Event

PhD Defense: Performance Evaluation and Modelling of Saas Web Services in the Cloud

  • Conférencier  Abdallah Ali Zainelabden Abdallah Ibrahim

  • Lieu

    Room MSA 4.530 Maison du Savoir 2, avenue de l'Université L-4365 Esch-sur-Alzette

    LU

Members of the defense committee:

  • Prof. Dr Ulrich SORGER, University of Luxembourg, chairman
  • Prof. Dr El-Ghazali TALBI, Polytech Lille, vice-chairman
  • Prof. Dr Pascal BOUVRY, University of Luxembourg, supervisor
  • Dr Sebastien VARRETTE, University of Luxembourg, member
  • Dr Dzmitry KLIAZOVICH, ExaMotive S.A., member

Abstract:

This thesis studies the problem of performance evaluation and assurance of communications and services quality in cloud computing. Cloud computing paradigm has significantly changed the way of doing business. With cloud computing, companies and end-users can access the vast majority of services online through a virtualized environment. The three main services typically consumed by cloud users are Infrastructure-as-a-Service ( IaaS), Platform-as-a-Service (PaaS) and Software-as-a-Service (SaaS). Cloud Services Providers (CSPs) deliver cloud services to cloud customers on a pay-per-use model while the quality of the provided services are defined using Service Level Agreements (SLAs).
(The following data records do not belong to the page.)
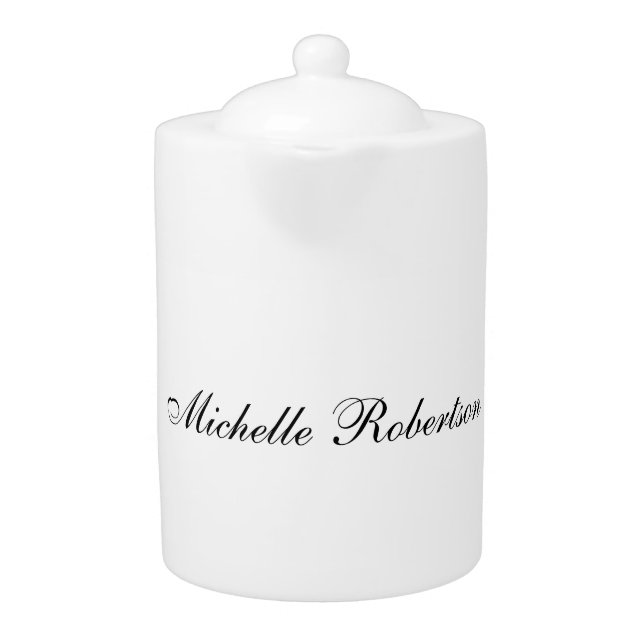 Chic Handwriting Black White Plain Minimalist Teapot (Front)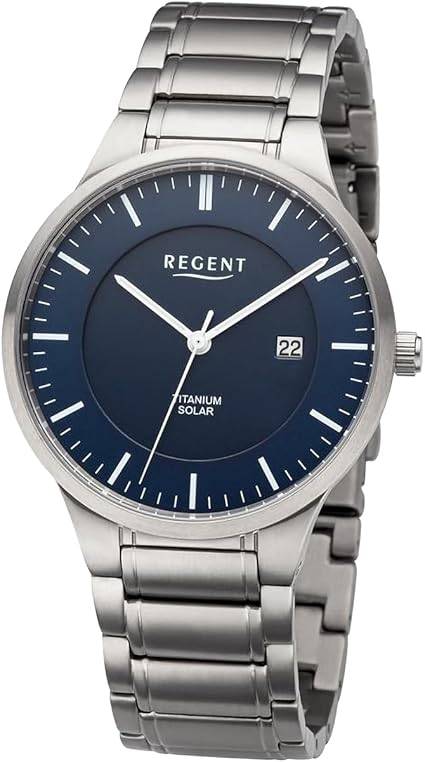 Die solarbetriebene Designer Uhr Regent BA-710 für Herren mit dunkelblauem Zifferblatt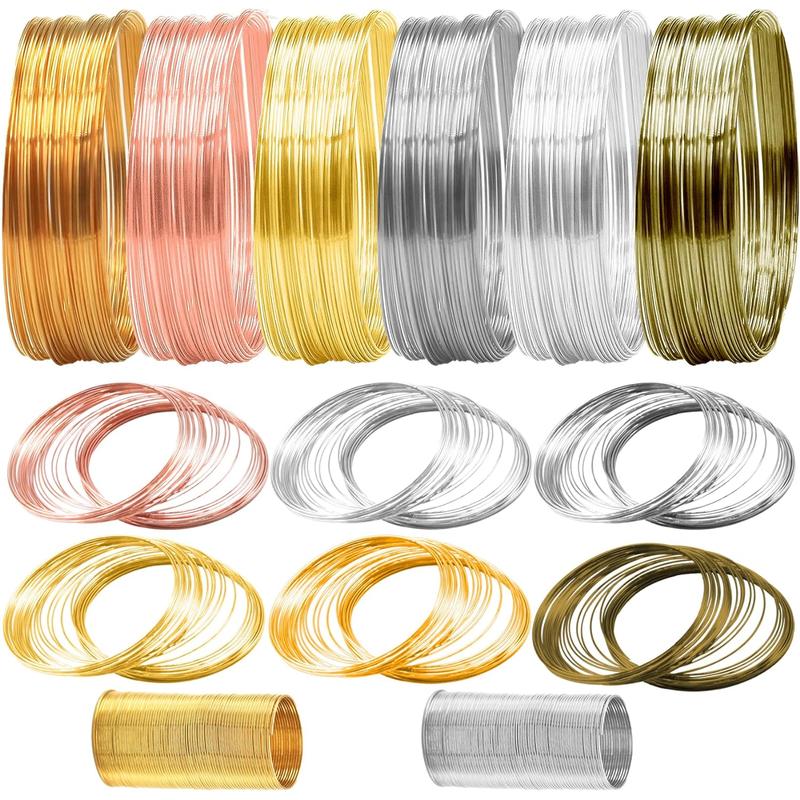 Jewelry Wire Memory Beading Wire Stainless Steel Craft Wire for Jewelry Making Supplies Necklace Bracelet Ring Earring Crafts DIY Jewelry Making (6 Colors*3 Yards, 440 Loops)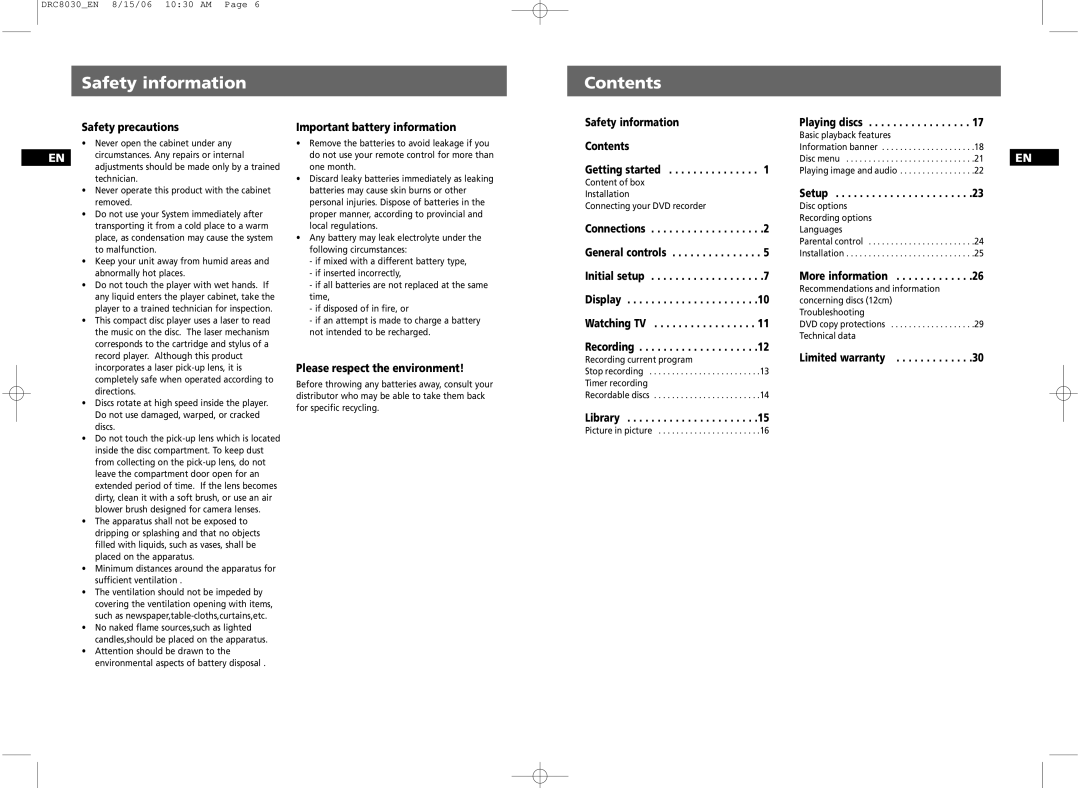 RCA DRC8030N user manual Contents 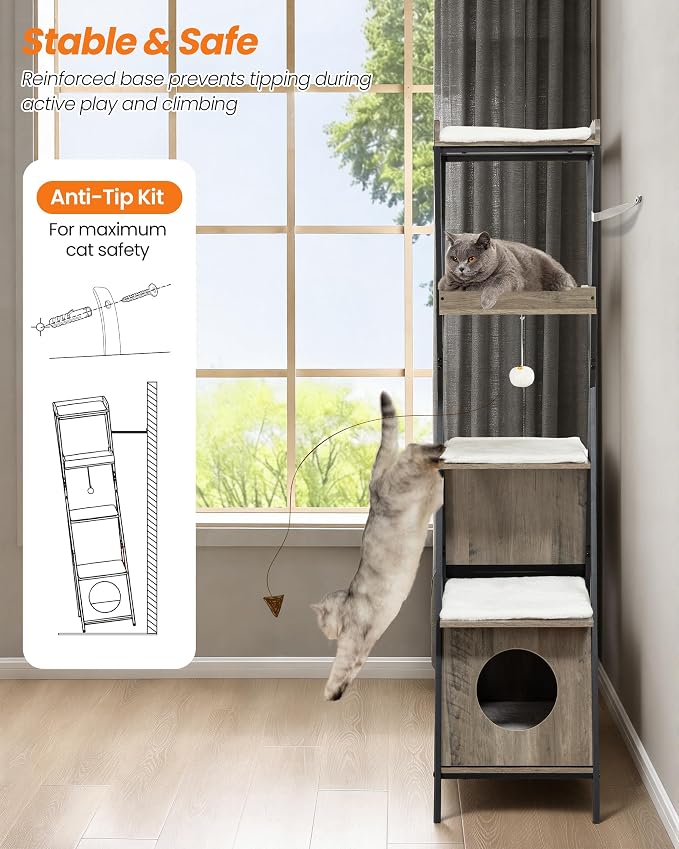 Modern Wood Cat Tree Tower for Indoor Cats Large Adult 67-in Tall | Heavy Duty XL Stable Wooden Cat Condo House Furniture with Multi-Level Spacious Perch Scratching Board Soft Washable Pads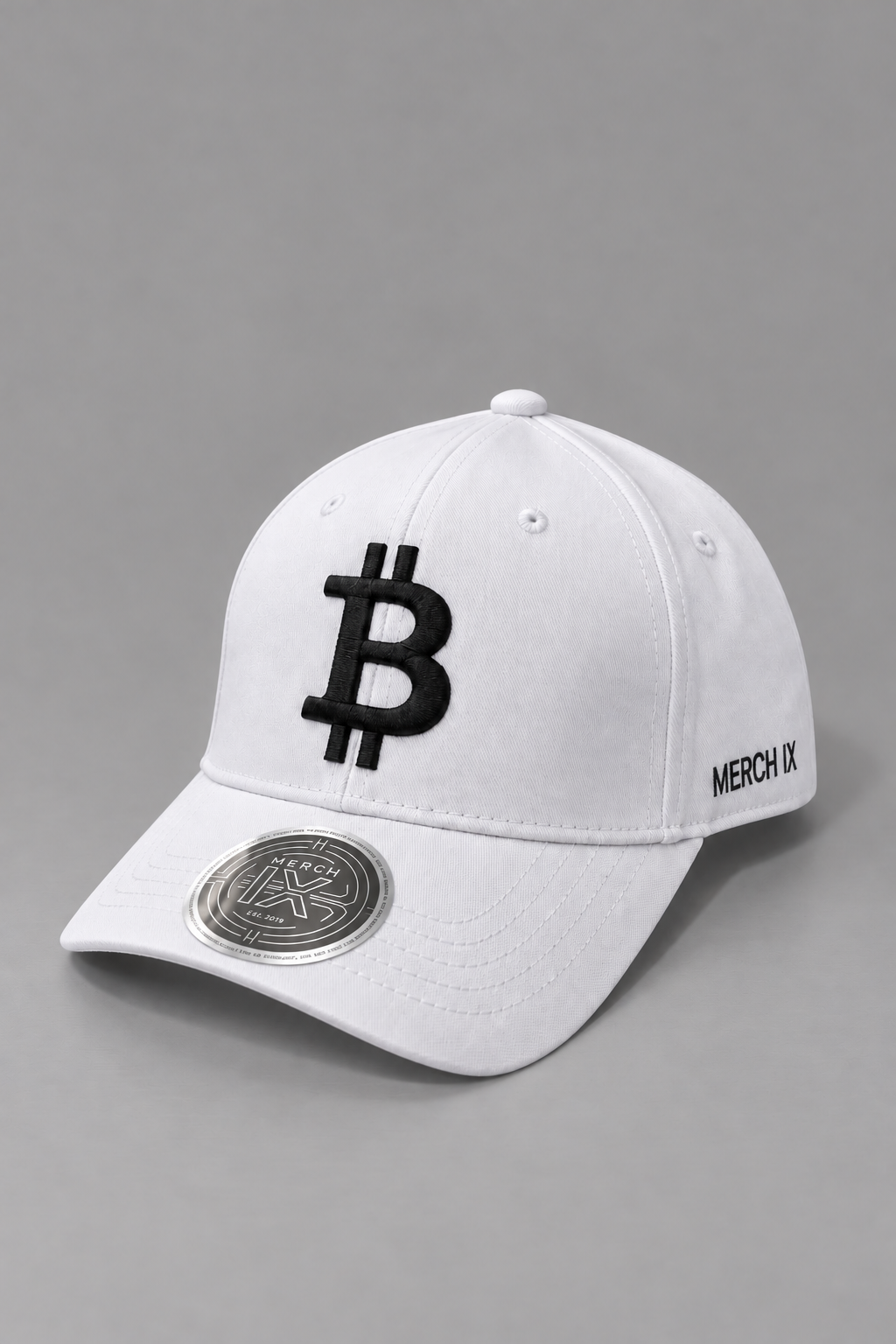Merch IX White Bitcoin Hat - Strapback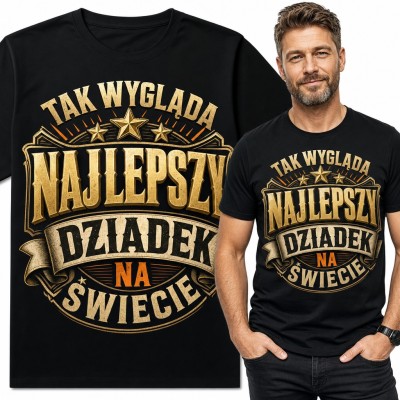 Koszulka męska z napisem „Tak wygląda najlepszy dziadek na świecie” - złoty emblemat z gwiazdami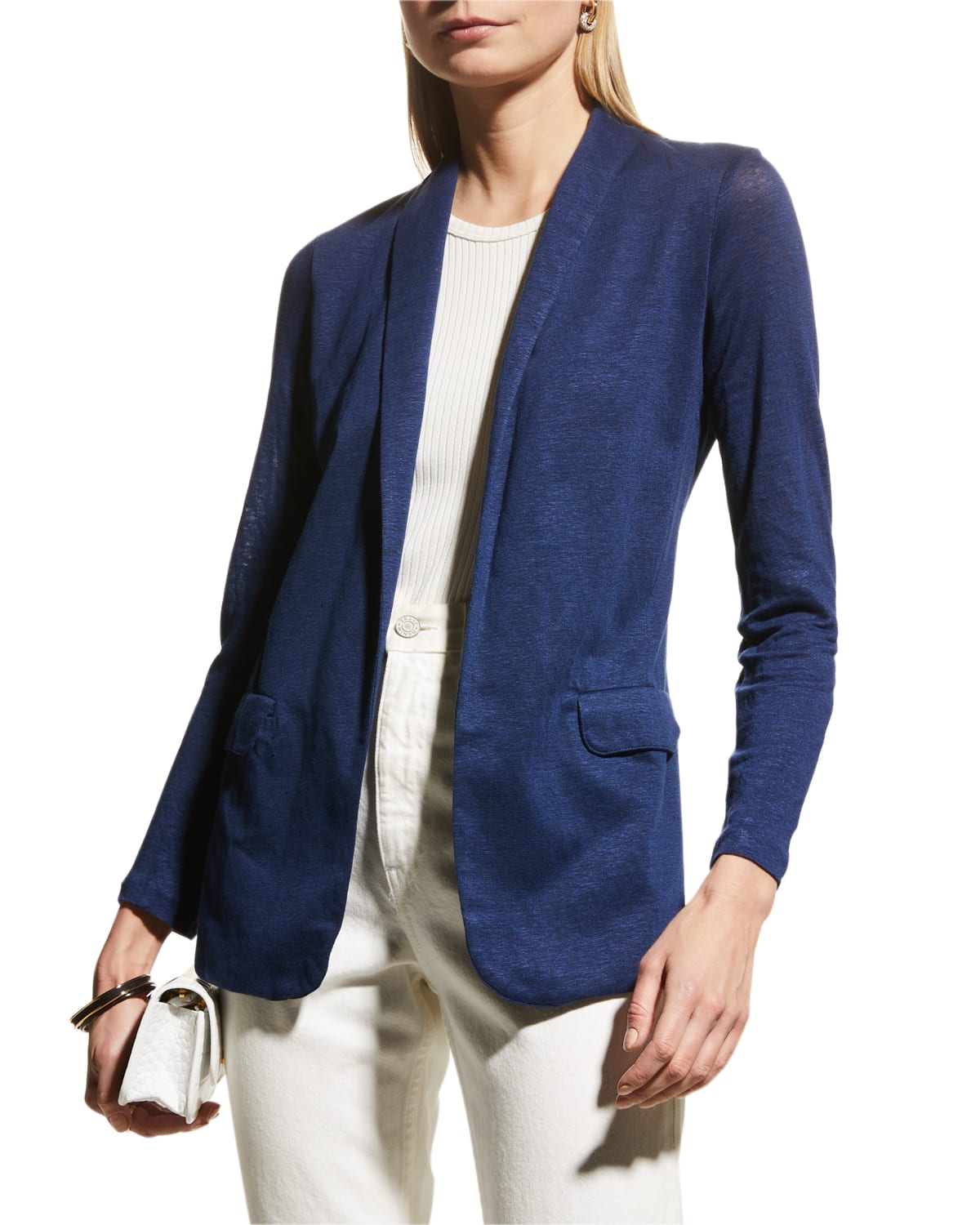 Open Front Linen Jacket Neiman Marcus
Unfortunately, there is no standard mechanism that verifies and assures that delivered services satisfy the signed SLA agreement in an automatic way, which impedes the possibility to measure accurately the Quality of Service (QoS). In this context, this thesis aims at offering an automatic framework to evaluate the QoS and SLA compliance of Web Services ( WSs) offered across several CSPs. Yet unlike other approaches, the framework aims at quantifying fairly the performance and scalability of the delivered WS adopting a stealth way. Stealthiness refers to the capacity of evaluating a given Cloud service through multiple workload patterns that makes them indistinguishable from regular user traffic from the provider point of view. This thesis work is motivated by recent scandals in the automotive sector, which demonstrates the capacity of solution providers to adapt to the behaviour of their product when submitted to an evaluation campaign to improve the performance results. The framework defines a set of common performance metrics handled by a set of agents within a customized clients for measuring the behavior of cloud applications on top of a given CSP. Once modelled accurately, the agent behaviour can be dynamically adapted to hide the true nature of the framework client to the CSP. In particular, the following contributions are proposed:

  • A novel framework of performance metrics for communication systems of cloud computing SaaS
  • The proposed framework evaluates and classifies in a fair and by stealth way the performance and scalability of the delivered WS across multiple CSPs.
  • Analysis of the performance metrics for the cloud SaaS Web Services (WS) by analyzing all the possible metrics, which could be used to evaluate and monitor the behavior of the cloud applications.
  • Benchmarking the cloud SaaS applications and web services by using referenced benchmarking tools and frameworks.
  • Modelling the SaaS WS by providing a set of Gaussian models. These models can be used to help researchers to generate data representing the CSP’s behaviour under high load and under the normal usage in just a couple of minutes without any experiments.
  • A novel optimization model to obfuscate the testing from the CSP and to achieve stealthiness. The optimization process relies on meta-heuristic and machine learning algorithms, such as Genetic Algorithm and Gaussian Process Regression accordingly.  
  • A virtual QoS aggregator and SLA checker that takes care of evaluating the QoS and SLA compliance of the WS offered across the considered CSPs.